最初は、刃物を押し付けられたという話から始まって、

いや、刃物ではなく、どうやら木切れだったようだ、になり、

最後は、子供たちがベンチで寝ていた男性を勝手に携帯カメラで撮影しようとしていたところ、

その男性に見つかり、一旦はその場を離れた子供たちが、再び様子を見に引き返して来たら、

その男性から「さっきの子どもたちだろう」ということで木切れで打たれたということらしい。

 

子どもたちは、打たれた後に自分たちが通う小学校に駆け込んだとのこと。

近頃、子供を標的にした事件が頻発しているので、学校も「すわ!!」と身構えたことであろう。
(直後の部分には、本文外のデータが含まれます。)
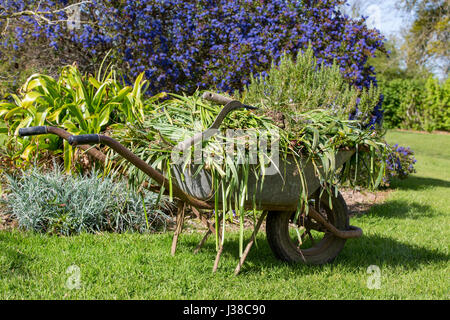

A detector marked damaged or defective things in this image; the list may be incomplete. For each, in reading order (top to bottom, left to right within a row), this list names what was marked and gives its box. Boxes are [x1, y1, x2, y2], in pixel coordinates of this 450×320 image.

その時、(なぜそうなったのか)という 事の成り行きを子供たちから落ち着いて聞き出せていただろうか?

 

ひと昔であれば、無断で面白半分に大人をからかうようなことをした子供に非を説いて聞かせ、

教師引率のもと公園まで謝罪に行かせるという教育指導もあったかもしれない。

が、今や "物騒" な出来事が多すぎて、なかなか人の良識や寛容を期待できないので、

わざわざ公園に出向き、その男性を見つけて謝罪という行動は適切ではないかもしれない。

 

まあ、何が言いたいかというと、

近頃は街中で、何かと言うとスマホや携帯で画像を拾う人が多いし、

それを、無配慮にネットのブログに掲載しているようだけれど、

画像の収集にも倫理のケジメはあろうというもの。

 

そんな小難しいことには無頓着な子どもでさえ、携帯片手に街中闊歩する時代、

無断で他人にカメラを向けてはいけないことなど、はなから意識の中に無いのだろうなあ。

 

いくらデジタルカメラが楽に多数回シャッターが押せて、画像の保存容量が大きいからといって、

何でも目についた事象にレンズを向けて画像収集をしてもよいというものではない。

対象が人間である場合は、ことさらに注意が必要である。

 

人間には、自他ともに犯してはならない(犯されたくない)領域がある。

その自尊心は、礼儀として常識として尊重しなければならないことを、

幼いころから教えたほうが良いのではないだろうか。

 

今回、携帯のカメラをベンチの男性に向けたという子供たちが、

反対に見知らぬ人にカメラを向けられてシャッターを押し逃げされたとしたら、

彼らはどう感じるかを訊ねてみたい。